- May 15, 2016
- 5 minute read
- by Staci Gray
As with all forms of abuse, there is one thing that can never be taken from you. Abuse may rip you of your innocence, steal your innate human rights, rob you of your independence, and destroy your belief in love – yet, despite the destruction – there still is one thing you possess.
No matter how terrible… how awful… how humiliating what you experienced was – if you’re reading this – my guess is you still have this one thing.
That one thing is… your mind. You still have your mind. However, having something and properly utilizing it are two different things.
If you’ve experienced intimate partner abuse, you know all too well that possession means nothing. Just because someone possesses something doesn’t mean they know how to nurture it and bring out its full potential.

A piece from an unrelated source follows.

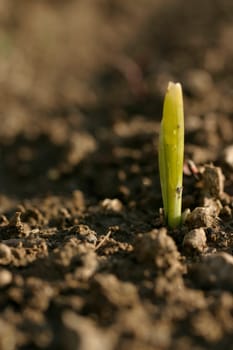 Seedling
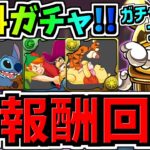 【全報酬回収】無料ガチャ2,3回分GET！ガチャドラフィーバー立ち回り簡単2ステップ解説！ディズニーイベント【パズドラ】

Every abusive relationship I’ve ever been in has been domineering, controlling, manipulative, and possessive. Every tactic in the book was used to insure they maintained their authoritative position over me.

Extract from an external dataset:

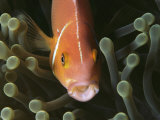 A Pink Anemonefish Seeks Shelter Among the Tentacles of a Sea Anemone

They certainly did their best to camouflage their possessive nature and insecurities. They’d make it seem as if it was best for our relationship and me. However, I can see now they clearly felt entitled to something that wasn’t theirs.
They believed they had a right to know my every thought and every move I made. And beyond that – they believed they had a right to dictate what my thoughts and actions were.
Looking back it’s painfully obvious how destructive their fundamental thinking was and how a relationship with someone like that could never work.
Some outsiders looking in might assume that we were trapped under the abusers spell. And in many ways, we were.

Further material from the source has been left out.